About two weeks ago (I’m writing this on 23 July 2007) I was checking my Flickr account to see if anyone had commented on any of my photos. I hit paydirt. One PLASMA SLuGS (red ribbon for WAR} (yeah, all of it, including the little twiddly brace at the end) had made the following comment about one of my graffiti photographs: “please if u dont mind tell me where n how to get here.” Bingo!
As some of you party loyalists may know, I’ve been photographing local graffiti since last Fall. The visage of our fine and noble 3Tops is, in fact, one of the grafs I’d found, not to mention other WAAGNFNP notables, such as Toothy. Grafs, however, are generally illegal, and the people who paint them don’t leave contact information on them. Thus, while I now have hundreds, thousands even, of photographs of grafs within a mile or so of my apartment, I don’t know who painted them. And, since I have no roots in the area, I’ve got no social network through which I can track them down.
That’s one of the reason I’d started posting my photos to Flickr. I figured that some of the writers (a term of art) would see them and perhaps, one day, one of them would contact me about them. SLuGS is the first.

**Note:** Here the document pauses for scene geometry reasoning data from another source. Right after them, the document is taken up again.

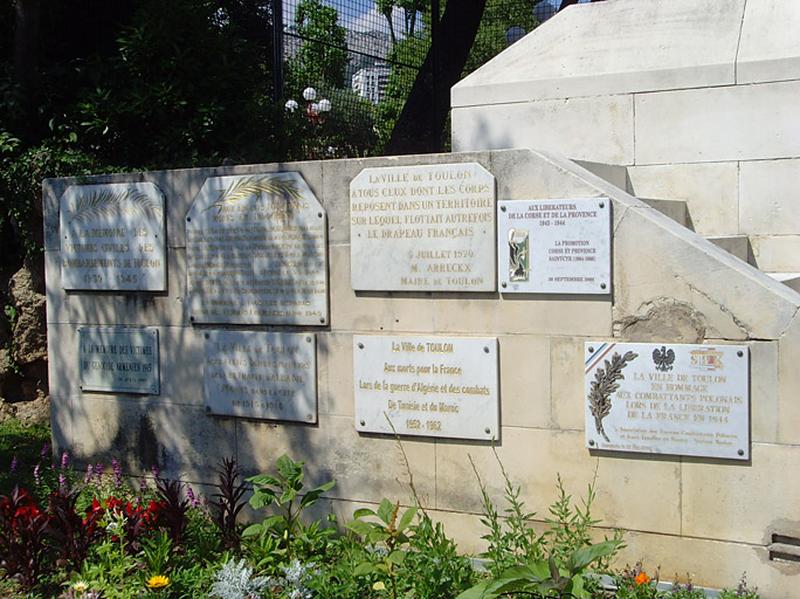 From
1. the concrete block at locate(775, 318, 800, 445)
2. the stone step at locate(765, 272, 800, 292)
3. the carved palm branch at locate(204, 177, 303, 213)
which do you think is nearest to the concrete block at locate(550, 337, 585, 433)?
the concrete block at locate(775, 318, 800, 445)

Of course, I told him where the picture was taken - in Jersey City, about a mile in from the Holland Tunnel near the old Bergen Tunnel. I also offered to take him on a tour of the local grafs. He took me up on my offer and showed up that Sunday afternoon with his wife, a backpack full of spray paint, and a Canon single-lens reflex camera. I revved up Google Earth and showed them where we were, where the grafs were, and off we went, with the intention of going into the Erie Cut.
On the way there SLuGS did a little painting, with both his wife and I snapping pictures:
That’s the SLuG, the identifying mark that he uses instead of the nickname that most writers use. It’s painted on the base of one of the columns supporting I78 as it comes down off the Jersey Heights (or the Jersey Palisades) and feeds into the Holland Tunnel. He’s done thousands of these here and there, mostly I’d guess in the New York City area, but other places as well. He’s been to Amsterdam and he’s made cooperative arrangements to get the PLASMA SLuG up all over.